Hey everyone I have some questions regarding `foreach` and t Outerbounds #ask-metaflow

Hey everyone, I have some questions regarding `for...

icy-terabyte-20903

10/25/2024, 5:33 AM

Hey everyone, I have some questions regarding

foreach

and the merging process. Here’s how the flow roughly looks

Copy code

@step
    def start(self):
        """This is the first step"""
        # set environment variable for reading config
        self.var_to_keep = "x"

        self.next(self.prepare_parquets)

    @step
    def prepare_parquets(self):
        self.parquet_files = ["parquet_1", "parquet_2"]

        self.next(self.process_parquets, foreach="parquet_files")

    @catch(var="process_jobs_failed")
    @step
    def process_parquets(self):
        self.batches = read(self.input) # assume we want to extract every row and do something with it, in groups of 10 or something
        self.next(self.prepare_batches)

    @step
    def prepare_batches(self):
        self.next(self.zip_and_archive, foreach="batches")

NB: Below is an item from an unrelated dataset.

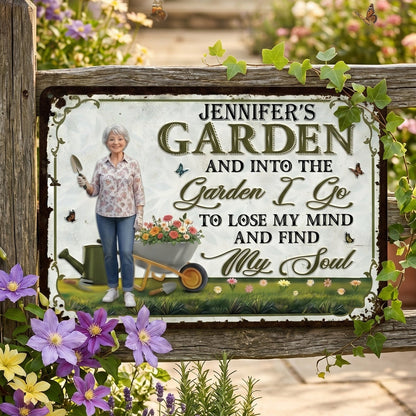 🌿 💖 Animation Style Personalized Gardening Sign - Personalized Classic Metal Signs - Best Gift For Yourself, Best Friends, Siblings, Gardening Lovers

    @catch(var="zip_and_archive_failed")
    @step
    def zip_and_archive(self):
        self.zip_key = archive(self.input) # assume we are zipping up the files together
        self.next(self.aggregate_zip_results)

    @retry(times=3)
    @step
    def aggregate_zip_results(self, inputs):
        self.merge_artifacts(
            inputs, include=["var_to_keep"]
        )

        # try to merge failed parquet files from previous run, doesn't always exist
        try:
            self.merge_artifacts(inputs, include=["process_jobs_failed"])
        except MetaflowNotFound:
            pass
        
        # collect results.
        self.batch_success = []
        self.batch_failed = []

        for i in inputs:
            if i.input is None:
                # skip if none.
                continue
            elif hasattr(i, "zip_and_archive_failed") and i.zip_and_archive_failed:
                # log the failed process, to retry in the future
                self.batch_failed.append(i.input)
            else:
                self.batch_success.append(i.zip_key)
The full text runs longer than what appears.